Brief descriptive captions

===============

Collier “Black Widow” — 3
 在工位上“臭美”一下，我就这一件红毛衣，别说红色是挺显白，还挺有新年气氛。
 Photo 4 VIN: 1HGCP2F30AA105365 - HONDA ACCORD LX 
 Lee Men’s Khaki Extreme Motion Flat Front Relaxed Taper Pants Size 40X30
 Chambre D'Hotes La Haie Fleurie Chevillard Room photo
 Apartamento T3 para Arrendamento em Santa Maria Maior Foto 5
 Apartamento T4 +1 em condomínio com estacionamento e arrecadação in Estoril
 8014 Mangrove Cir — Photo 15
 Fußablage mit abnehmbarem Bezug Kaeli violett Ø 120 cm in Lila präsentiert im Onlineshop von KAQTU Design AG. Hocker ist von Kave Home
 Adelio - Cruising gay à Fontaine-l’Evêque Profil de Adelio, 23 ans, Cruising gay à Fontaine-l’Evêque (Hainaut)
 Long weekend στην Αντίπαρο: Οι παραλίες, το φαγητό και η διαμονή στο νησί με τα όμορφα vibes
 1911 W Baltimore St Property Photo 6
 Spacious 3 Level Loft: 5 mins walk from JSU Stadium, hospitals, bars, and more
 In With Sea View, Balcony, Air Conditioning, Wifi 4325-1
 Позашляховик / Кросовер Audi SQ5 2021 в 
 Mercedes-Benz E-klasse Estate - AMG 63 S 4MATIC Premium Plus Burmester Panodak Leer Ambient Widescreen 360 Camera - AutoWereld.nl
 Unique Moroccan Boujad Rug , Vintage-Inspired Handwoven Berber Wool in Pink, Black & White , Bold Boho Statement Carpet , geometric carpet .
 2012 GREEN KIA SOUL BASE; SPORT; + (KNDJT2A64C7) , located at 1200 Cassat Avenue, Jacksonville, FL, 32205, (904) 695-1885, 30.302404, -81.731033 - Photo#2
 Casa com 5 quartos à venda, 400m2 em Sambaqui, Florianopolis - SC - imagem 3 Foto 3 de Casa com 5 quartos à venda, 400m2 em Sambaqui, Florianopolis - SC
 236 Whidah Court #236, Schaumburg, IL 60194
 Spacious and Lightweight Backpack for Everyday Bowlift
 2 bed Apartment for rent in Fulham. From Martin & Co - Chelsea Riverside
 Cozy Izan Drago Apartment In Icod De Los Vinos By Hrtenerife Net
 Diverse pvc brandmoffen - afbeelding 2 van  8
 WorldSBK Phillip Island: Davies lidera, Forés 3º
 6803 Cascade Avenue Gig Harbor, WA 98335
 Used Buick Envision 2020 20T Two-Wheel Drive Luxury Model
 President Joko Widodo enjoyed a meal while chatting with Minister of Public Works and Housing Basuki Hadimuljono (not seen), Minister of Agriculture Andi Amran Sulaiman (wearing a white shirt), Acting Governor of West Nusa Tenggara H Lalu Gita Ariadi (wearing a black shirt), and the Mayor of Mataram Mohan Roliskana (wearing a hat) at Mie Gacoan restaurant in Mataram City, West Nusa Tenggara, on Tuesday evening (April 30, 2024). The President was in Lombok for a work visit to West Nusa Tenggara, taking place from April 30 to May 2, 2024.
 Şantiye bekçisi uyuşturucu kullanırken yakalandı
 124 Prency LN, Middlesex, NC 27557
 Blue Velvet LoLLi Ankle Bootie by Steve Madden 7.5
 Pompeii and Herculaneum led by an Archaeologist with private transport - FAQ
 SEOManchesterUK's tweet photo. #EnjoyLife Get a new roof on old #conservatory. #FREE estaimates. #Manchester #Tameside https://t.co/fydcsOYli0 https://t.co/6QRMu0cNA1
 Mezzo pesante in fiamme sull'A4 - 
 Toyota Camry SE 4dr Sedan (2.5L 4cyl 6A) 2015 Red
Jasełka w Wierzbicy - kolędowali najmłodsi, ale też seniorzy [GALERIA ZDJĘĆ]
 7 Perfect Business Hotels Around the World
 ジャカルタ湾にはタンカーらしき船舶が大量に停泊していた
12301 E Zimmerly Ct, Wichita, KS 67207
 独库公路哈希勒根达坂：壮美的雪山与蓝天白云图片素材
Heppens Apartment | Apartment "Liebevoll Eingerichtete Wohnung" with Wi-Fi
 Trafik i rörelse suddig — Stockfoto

===============

[What to produce]
Nothing but the lines above from the one containing "Spacious and Lightweight" through the one containing "Used Buick Envision" should appear in the answer, each repeated exactly.

[Exercise response]
 Spacious and Lightweight Backpack for Everyday Bowlift
 2 bed Apartment for rent in Fulham. From Martin & Co - Chelsea Riverside
 Cozy Izan Drago Apartment In Icod De Los Vinos By Hrtenerife Net
 Diverse pvc brandmoffen - afbeelding 2 van  8
 WorldSBK Phillip Island: Davies lidera, Forés 3º
 6803 Cascade Avenue Gig Harbor, WA 98335
 Used Buick Envision 2020 20T Two-Wheel Drive Luxury Model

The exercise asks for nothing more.